Hacker News new | past | comments | ask | show | jobs | submit login
DB-Engines Ranking ranks database management systems according to popularity (db-engines.com)
46 points by X4 on Nov 23, 2013 | hide | past | favorite | 28 comments



What's not apparent from the title is that this is a popularity ranking, similar to the TIOBE Programming Community Index:

http://www.tiobe.com/index.php/content/paperinfo/tpci/index....


Interesting but I wonder how accurate it really is. Two (at a minimum) of the metrics in their average can't really be used to measure popularity (of use):

- Number of mentions of the system on websites

- General interest in the system

There are two different problems with these metrics:

- Both will include people who have negative opinions of the system. There's no effective way to separate out the people who are discussing their distaste for a system (remember comcastsucks.com?).

- Both are subject to misrepresentation caused by external factors such as the quality of the system's documentation, use of forums for support and how consistent the system is in general. Some systems require much more research to be run in a stable fashion.

I've used Oracle, PostgreSQL and CouchDB extensively and MySQL plus a couple other to a (much) lesser extent and I get the sense that the rankings are in the right order (I have no idea about MSSQL) but I doubt that the scale is so logarithmic.


Mention of the database, no matter the popularity, are signals of its use and the activity of it's community. I guess it depends if you consider the definition of popularity as whether it's liked, or whether it's deployed and being used. They should make the raw data available if they want this to be believed. I'd like to know to which metrics most contribute to a specifics db's rank.

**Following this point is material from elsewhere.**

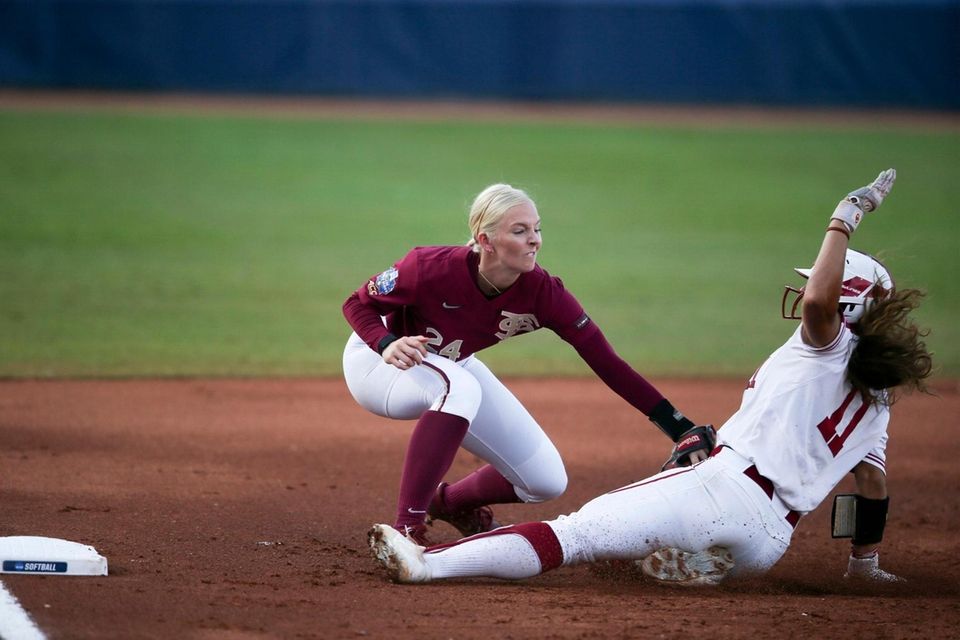 Florida State's Sydney Sherrill tags out Oklahoma's Nicole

I have a problem, however, with the use of google as a source. Not sure how you can trust it to give you an unbiased result now that it produces personalized results using who knows what (ie incognito on chrome still exposes IP addresses)


Yeah, the order looks about right but the jumps in numbers look far too large. DB2 should also probably be a bit lower, after SQLite and MongoDB.


There's little use for me in popularity rankings. Much more useful are TPC-C rankings (http://www.tpc.org/tpcc/results/tpcc_results.asp?orderby=dbm...)


wtf, are you kidding?! There are ONLY commercial solutions from a handful commercial vendors. Yeah, truly trustful resource.. really, have you even looked at the results, I mean dude IBM,MS,ORACLE,NEC and then it starts to repeat...

So I understand that you request a cost per transaction column and it makes sense, but that link sucks.


That's still a useful set of benchmarks. Do you know of something similar that includes F/OSS? I'm assuming tpc.org doesn't include them because open source OLTP isn't as performant. The TPC-C benchmark is particularly interesting to me because I work with high availability systems where eventual consistency isn't something I can consider.


> I'm assuming tpc.org doesn't include them because open source OLTP isn't as performant.

That assumption is incorrect. The open source databases are not included due to nobody having spent the time and money necessary to be included there. Sun did it for PostgreSQL many years ago and got decent results.


Ouch. Your combination of ignorance and arrogance is painful to behold. If you don't know anything about a subject, take an inquisitive approach rather than a dismissive one.

TPC is a non-profit that creates and publishes standard benchmarks that can be used to compare database systems. They had done so for over 20 years, and with widespread consensus among competing vendors (who outright hate each other) that the benchmarks are fair and representative of real work loads.

Mysql and postgresql have both been in the benchmarks published by TPC. They are rarely there because people simply don't spend the time and money to do the benchmarks. Back when Sun was providing commercial support for postgresql, they ran benchmarks for postgresql and submitted them. Anyone is welcome to submit benchmarks of any database, running on any OS and hardware combination.


The fact that MySQL and PostgreSQL are not included in any recent benchmarks still removes much of TPC's usefulness.


Hmm How does Oracle come out that far ahead given they supposedly measured?: - Number of mentions of the system on websites - General interest in the system


It's not really surprising to me. Oracle has been the DB system for enterprise systems for years - they have a lot of corporations running on their platform.


This is a decent list.

Columns I'd like to see added:

1. Language the db is written in 2. Lines of code

Popularity tells me little about how capable the developer is and the quality of the software.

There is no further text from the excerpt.